Assigned task:
Could you write out the opening lines of the data, word for word, stopping after the line that contains "Sounds Like Chapter 35 page 11"?

Data excerpts
^^^^^^^^

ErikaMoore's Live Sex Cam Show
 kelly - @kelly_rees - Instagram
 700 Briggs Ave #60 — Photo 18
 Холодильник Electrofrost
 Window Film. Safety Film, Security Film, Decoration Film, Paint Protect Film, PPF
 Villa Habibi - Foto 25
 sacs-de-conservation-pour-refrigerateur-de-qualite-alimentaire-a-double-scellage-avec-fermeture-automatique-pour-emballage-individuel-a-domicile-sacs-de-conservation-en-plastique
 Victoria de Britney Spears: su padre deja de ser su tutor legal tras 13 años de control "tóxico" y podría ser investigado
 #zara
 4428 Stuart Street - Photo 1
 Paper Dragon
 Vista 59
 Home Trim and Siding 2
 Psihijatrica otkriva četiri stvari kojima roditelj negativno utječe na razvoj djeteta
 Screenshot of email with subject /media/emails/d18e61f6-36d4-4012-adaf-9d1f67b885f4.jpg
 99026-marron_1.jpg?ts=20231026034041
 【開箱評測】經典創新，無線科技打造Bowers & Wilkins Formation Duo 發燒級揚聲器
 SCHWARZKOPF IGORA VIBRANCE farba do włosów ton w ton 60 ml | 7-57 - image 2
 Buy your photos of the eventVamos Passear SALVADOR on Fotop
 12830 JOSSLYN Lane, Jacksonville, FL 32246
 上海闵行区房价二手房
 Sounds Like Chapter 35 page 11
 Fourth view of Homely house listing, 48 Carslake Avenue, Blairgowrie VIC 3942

^^^^^^^^

Your solution:
ErikaMoore's Live Sex Cam Show
 kelly - @kelly_rees - Instagram
 700 Briggs Ave #60 — Photo 18
 Холодильник Electrofrost
 Window Film. Safety Film, Security Film, Decoration Film, Paint Protect Film, PPF
 Villa Habibi - Foto 25
 sacs-de-conservation-pour-refrigerateur-de-qualite-alimentaire-a-double-scellage-avec-fermeture-automatique-pour-emballage-individuel-a-domicile-sacs-de-conservation-en-plastique
 Victoria de Britney Spears: su padre deja de ser su tutor legal tras 13 años de control "tóxico" y podría ser investigado
 #zara
 4428 Stuart Street - Photo 1
 Paper Dragon
 Vista 59
 Home Trim and Siding 2
 Psihijatrica otkriva četiri stvari kojima roditelj negativno utječe na razvoj djeteta
 Screenshot of email with subject /media/emails/d18e61f6-36d4-4012-adaf-9d1f67b885f4.jpg
 99026-marron_1.jpg?ts=20231026034041
 【開箱評測】經典創新，無線科技打造Bowers & Wilkins Formation Duo 發燒級揚聲器
 SCHWARZKOPF IGORA VIBRANCE farba do włosów ton w ton 60 ml | 7-57 - image 2
 Buy your photos of the eventVamos Passear SALVADOR on Fotop
 12830 JOSSLYN Lane, Jacksonville, FL 32246
 上海闵行区房价二手房
 Sounds Like Chapter 35 page 11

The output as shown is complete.